Sunday, January 7, 2007

Germany Quits EU-Based Search Engine Project

Germany Quits EU-Based Search Engine Project: The Quaero project, a French initiative to build a European rival to Google, has lost the backing of the German government. The search engine was announced in 2005 by Jacques Chirac and Gerhard Schroeder, but the German government under Merkel has decided that Quaero isn't worth the $1.3-2.6 billion commitment that development would require. Germany will instead focus on a smaller search engine project called Theseus. From the article: 'According to one French participant, organizers disagreed over the fundamental design of Quaero, with French participants favoring a sophisticated search engine that could sift audio, video and other multimedia data, while German participants favored a next- generation text-based search engine.' (Via Slashdot).

This quote from the original article summarizes well I was skeptical about this project from the beginning:

"In Germany I think there was also resistance to the idea of a top-down project driven by governments," said Andreas Zeller, chairman of software engineering at the University of Saarland in Saarbrücken, Germany, which supplied advisors to Quaero. "Success in the end is something that can't be planned but is something that begets itself."

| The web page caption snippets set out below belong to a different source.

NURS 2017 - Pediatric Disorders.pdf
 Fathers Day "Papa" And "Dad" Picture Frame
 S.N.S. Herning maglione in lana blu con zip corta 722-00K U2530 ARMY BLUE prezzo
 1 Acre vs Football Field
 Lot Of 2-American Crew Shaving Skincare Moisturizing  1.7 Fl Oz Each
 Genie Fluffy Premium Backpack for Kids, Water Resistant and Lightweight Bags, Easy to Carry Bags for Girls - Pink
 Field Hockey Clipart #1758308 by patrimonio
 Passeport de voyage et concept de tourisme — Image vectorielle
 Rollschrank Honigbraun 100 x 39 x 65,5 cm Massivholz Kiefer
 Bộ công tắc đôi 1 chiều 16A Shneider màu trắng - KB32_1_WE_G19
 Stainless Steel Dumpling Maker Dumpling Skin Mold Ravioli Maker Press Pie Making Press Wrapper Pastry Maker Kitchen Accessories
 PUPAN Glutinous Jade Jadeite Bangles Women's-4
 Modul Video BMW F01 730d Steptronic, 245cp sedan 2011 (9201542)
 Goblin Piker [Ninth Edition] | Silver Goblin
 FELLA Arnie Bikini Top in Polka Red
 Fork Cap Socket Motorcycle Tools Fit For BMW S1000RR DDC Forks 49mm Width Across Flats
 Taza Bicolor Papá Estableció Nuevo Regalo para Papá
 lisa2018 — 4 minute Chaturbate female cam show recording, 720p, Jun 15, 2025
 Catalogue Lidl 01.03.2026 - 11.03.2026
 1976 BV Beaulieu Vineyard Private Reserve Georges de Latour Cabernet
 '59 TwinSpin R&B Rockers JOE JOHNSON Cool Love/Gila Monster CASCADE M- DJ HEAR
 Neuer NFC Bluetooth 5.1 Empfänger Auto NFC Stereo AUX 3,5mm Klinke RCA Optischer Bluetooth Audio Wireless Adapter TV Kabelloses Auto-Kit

The top-down project model does not work for building widely used goods and services because it is not responsive enough to early user feedback. The effectiveness of a search engine cannot be predicted, but it can be measured in the field. Bureaucratic top-down projects do not seem to be able to build something simple early, measure its effectiveness, and use the metrics to quickly evaluate proposed improvements. In other words, the design and development processes are not adaptive enough.

I like the analogy of learning how to ski late. One of the hardest things is to learn to trust fast low-level feedbacks and small adaptations, and push conscious control out of the way, because it is way too slow to do the right thing on time. Low-level adaptation comes from trying small adjustments and getting immediate feedback (oops, I'm out of balance!). Good teachers use exercises to decompose motions so that the student becomes aware of small perceptual and motor effects and can put into place robust adaptation processes.

In other words: effective complex artifacts or processes are unlikely to be designed as whole, they are much more likely to evolve through a process that quickly evaluates combinations of robust, field-tested pieces. Like biological evolution.